Purcell, who is in his 60s, recently sold his electronics company and found himself unemployed for the first time. He was drawn to the community ambassador job as a way to stay busy and help deliver a message he sees as important. He doesn’t see any downside to the ambassador program and hopes it continues even after the virus is gone.


Bob Purcell walks the beach, chats with people and makes sure they are following rules for social distancing and mask wearing. Gregory Rec/Staff Photographer

“I’ve had locals thank me,” he said. “They feel we’re doing something good for the community.”

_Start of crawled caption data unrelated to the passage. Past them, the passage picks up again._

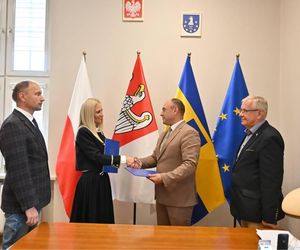 Nowa prezes OCZ od jutra rozpoczyna pracę. Umowa podpisana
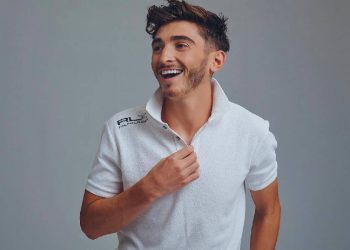 Ralph Lauren reimagina su sostenibilidad hacia metas reales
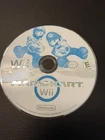 New ListingMario Kart 2008 Wii Disc Only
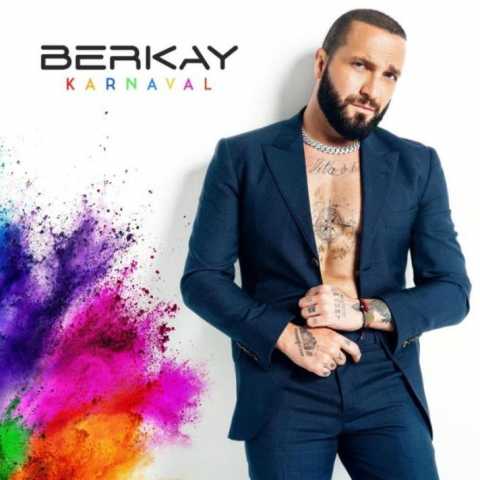 Berkay Karnaval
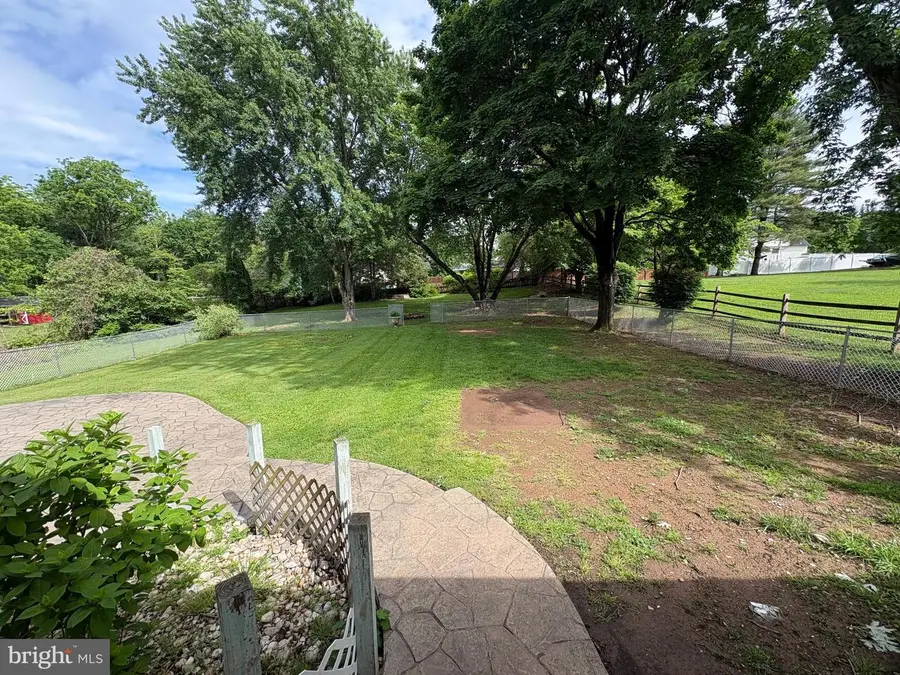 1217 Greeley Ave, Warminster, PA 18974 - #3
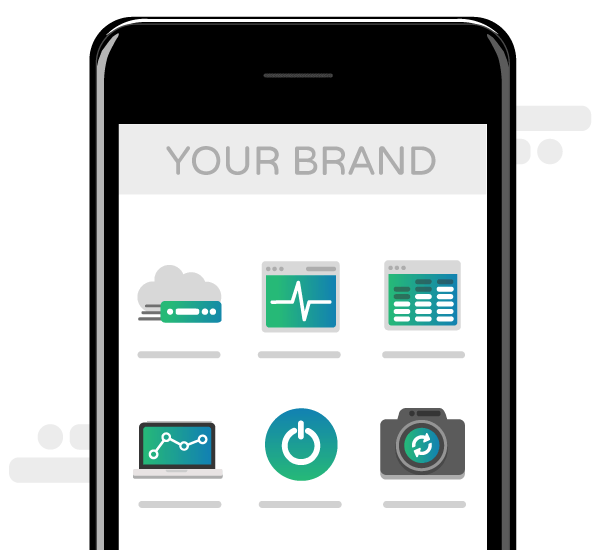 VPS marketing Marketing your VPS
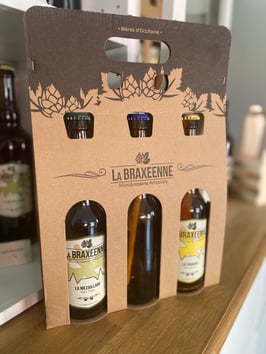 Réservation Atelier Stage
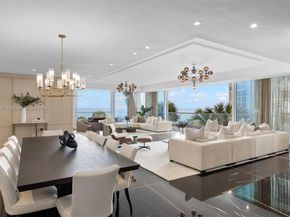 9349 Collins Ave 406, Surfside FL 33154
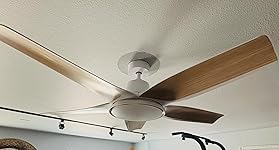 Review Image by pwc pwc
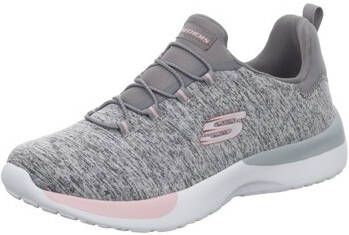 Skechers Slip-on sneakers DYNAMIGHT-BREAK-THROUGH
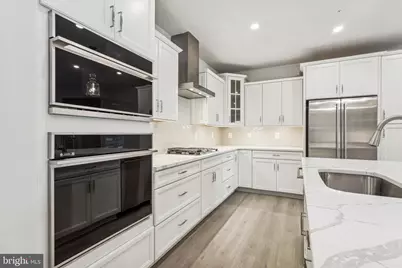 176 Flagstaff Way #2412, Chester, MD 21619 - Photo 21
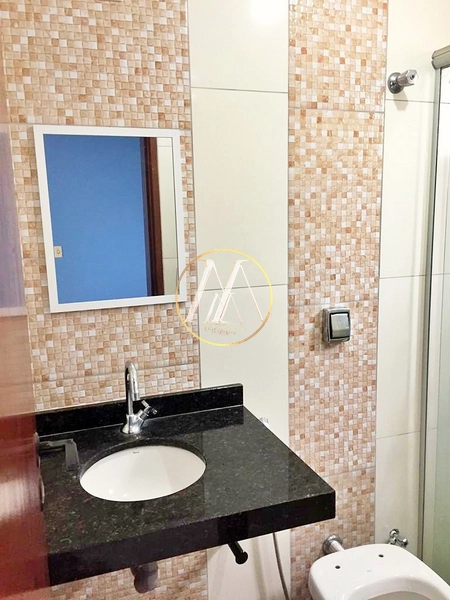Apartamento próx. a Av. Maringá, 71m², 3 dormitórios sendo uma suíte: 9ª foto da galeria de imagens do imóvel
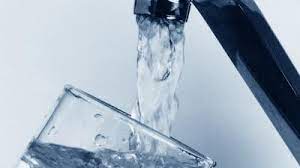 When you use the warm tap water that has run through those socks, it will. Atentie La Apa De La Robinet In Doua Judete Nu E Buna De Baut Mobile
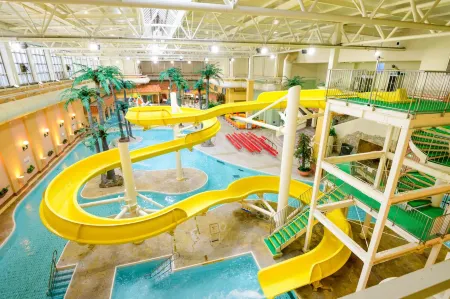 Nara Plaza Hotel Отели в г. Таварамото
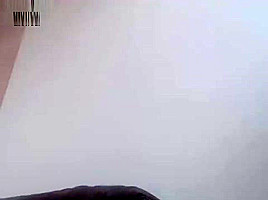 Unbelievable Private Striptease, Webcam, Big Tits Video Just For You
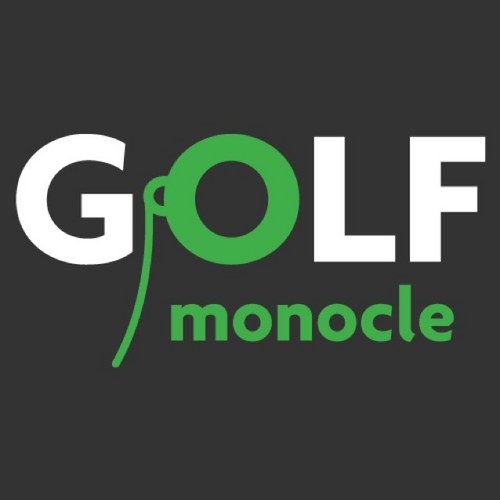 Golf Monocle creates solutions for the golf industry. We bring courses, professionals, golfers, and tournament organizers together in unique ways.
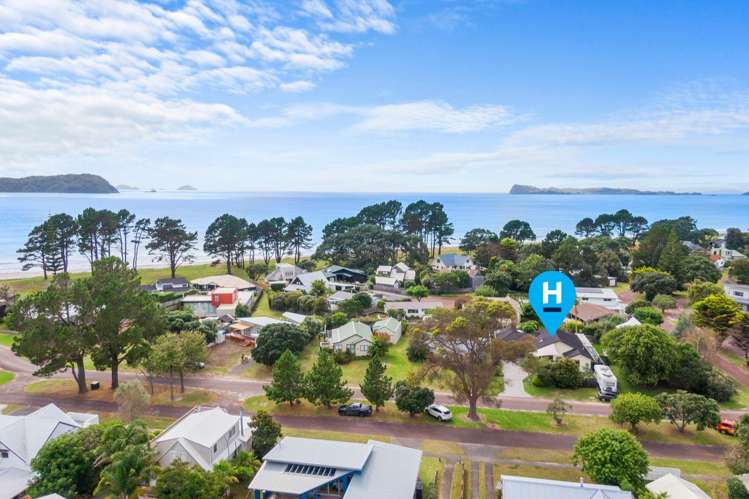 23 Vista Paku Pauanui_16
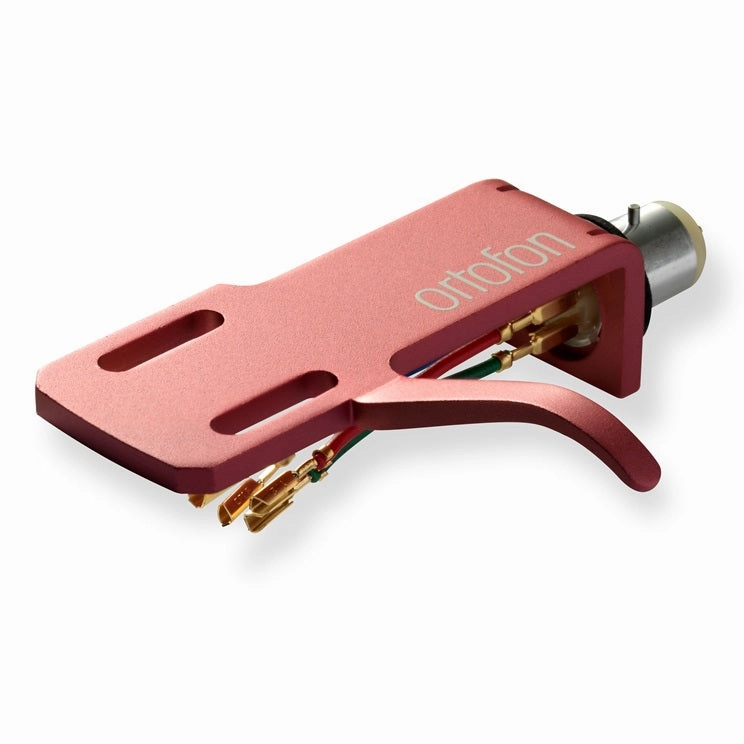 Ortofon SH-4 Headshells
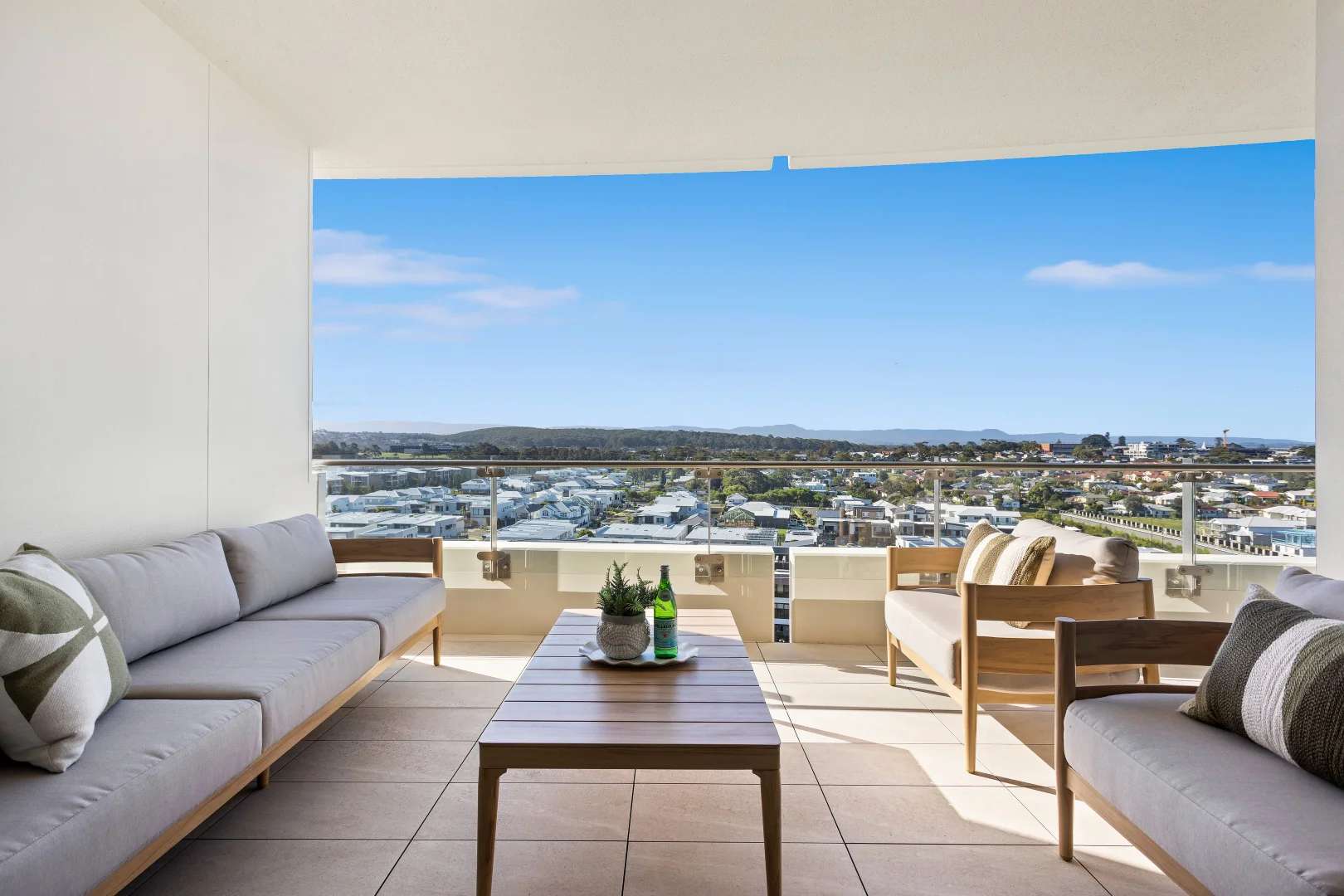 Additional image 15 of 707/10 Waterfront Promenade, Shell Cove NSW 2529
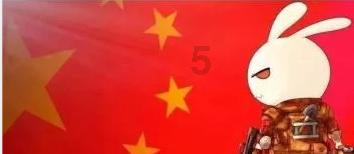 实操解析：逾期和银行协商分期不成功的4点盲区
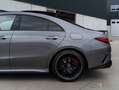 Mercedes-Benz CLA 45 AMG S 4Matic+ l Premium l Head-Up l Burmester l 360 Gris - thumbnail 27
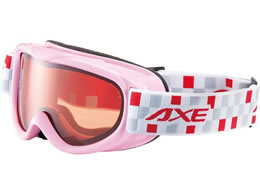 AbNX Xm[S[O _uY AX250WD-PK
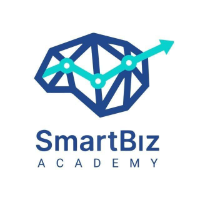 SmartBiz Academy - менеджер по продажам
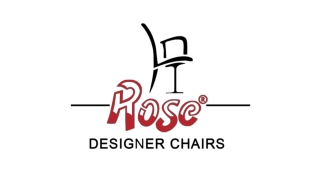 How Office Chair Design Affects Employee Well-being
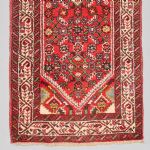 1046 8663 ORIENTAL RUG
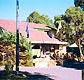 Governors Hill Carapark - Tourism Cairns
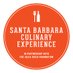 Santa Barbara Culinary Experience (@sbculinaryexp) Twitter profile photo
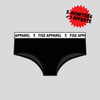 FISE APPAREL W - Briefs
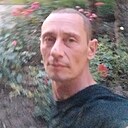 Сергей, 47 лет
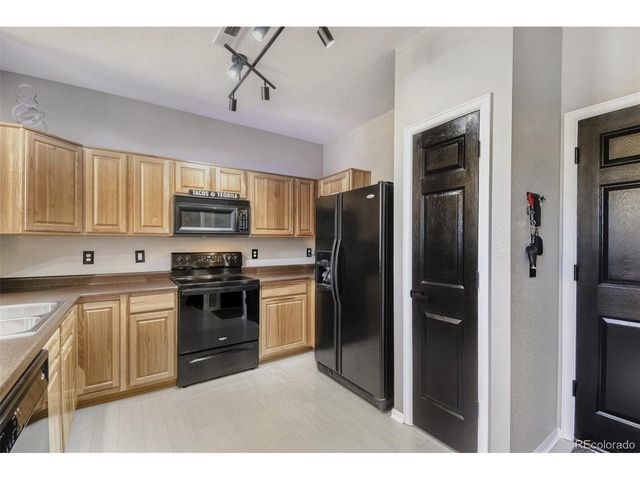 12710 Jasmine St B, Thornton, CO 80602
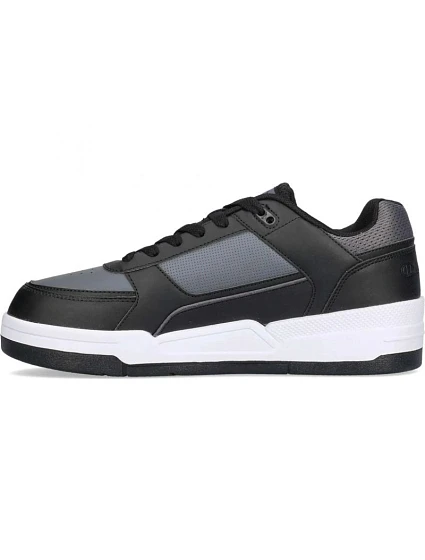Pánská obuv  Heritage Low model 21756757 - CHAMPION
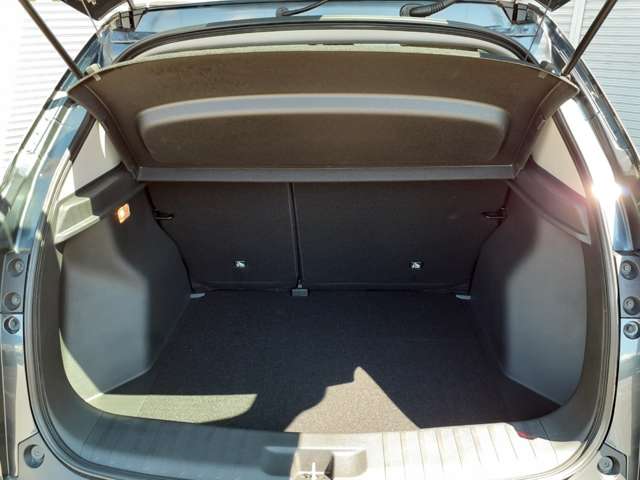 ホンダ ＷＲ−Ｖ １．５ Ｚ プラス R6年 (甲信越・北陸) 99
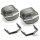 Set Armor Tail Lights Smoke Tri09-Up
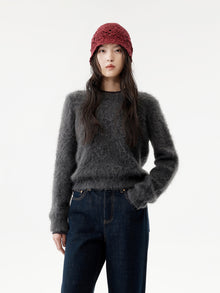 DAZZLE Knitwear 2K1EE60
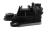 cc76a3947aaa4cb09a48b29a4b67947a.png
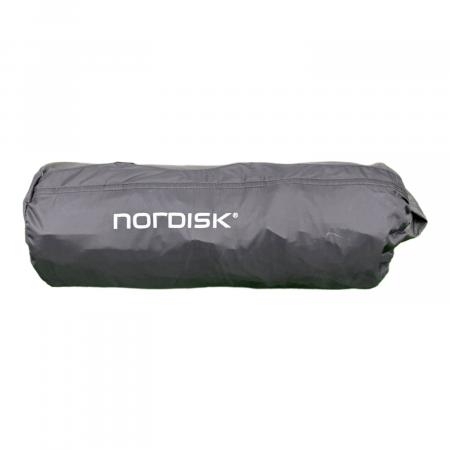 Nordisk (ノルディスク) ソロテント トロムスメッシュキャビン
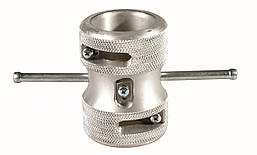 Зачистка для труб 16/20 Candan Туреччина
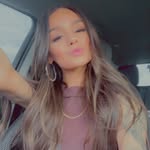 ericaajo profile picture
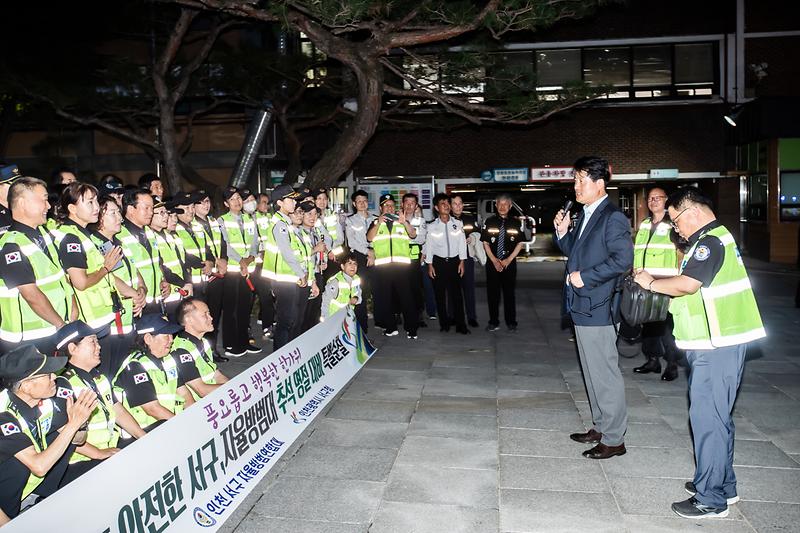 Young-4801.jpg 이미지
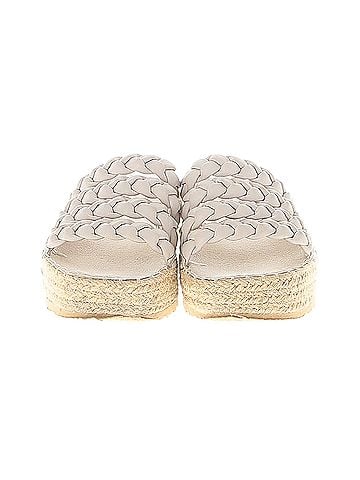 Beach By Matisse Beach By Matisse Sandals (view 2)
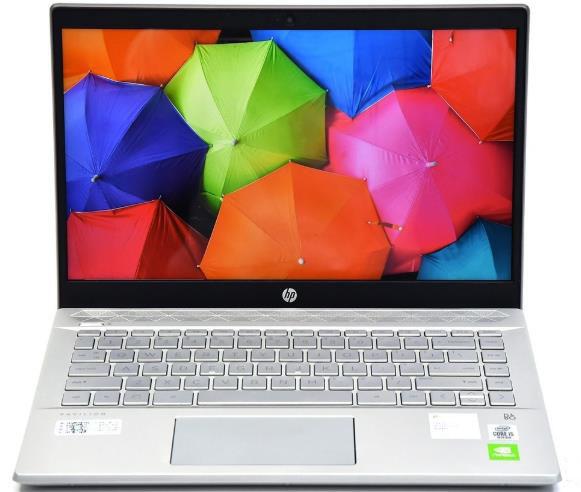 惠普星 14 2019筆記本怎么使用u啟動u盤裝機安裝win8系統(tǒng)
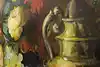 Thumbnail image 9
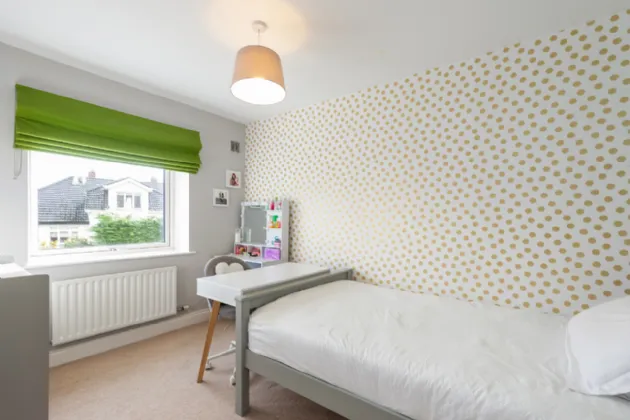 Photo of 23 Brighton Avenue, Foxrock, Dublin 18, D18 W7Y2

Clad in neon green shirts with a message on the back reminding people to stay 6 feet away from others, most ambassadors work four-hour shifts and roam a section of beach. Last week, Purcell arrived for a shift at 9 a.m. and was assigned to Long Sands Beach near the bath house.

“I leave the house in the morning, and I don’t say I’m going to work. I say I’m going to the beach,” he said.

Purcell, armed with an outgoing personality and people skills he learned as an 11-year-old grocery store clerk in Boston, tries to find a way to connect with everyone he sees. They talk about books, kids and the beauty of York. He often asks about their mothers and especially enjoys chatting with pairs of sisters.

Purcell rarely has to remind people to stay apart on the beach. It can be a little trickier at high tide when the beach is narrow, but most people leave to avoid being crowded, he said. Around the bath house, people are generally good about wearing masks and following the one-way direction of foot traffic.

“People know there are rules. There is less trying to circumvent the rules than ever before,” he said. “People want to social distance. It’s not like the old days when people grabbed any spot they could.”

Purcell has had trouble with only one beachgoer so far, and it wasn’t coronavirus-related. When Purcell told a surfer that surfing wasn’t allowed at that time, the man said he wanted to talk to police. Officers were able to defuse the situation.

Undeterred by that interaction, Purcell focuses on how friendly and willing to connect people are these days. He keeps a small spiral-bound notebook in the back pocket of his shorts, occasionally pulling it out to jot notes about the people he meets. He was particularly struck by a conversation he had with a 50-year-old man who told Purcell he is dying of cancer. They talked about books and meditation and mindfulness.

“It gives people confidence they can come to the beach and be safe,” he said. “I’ve seen the joy in people’s faces. A lot of people tell me it’s the first time they’ve been to the beach since last year.”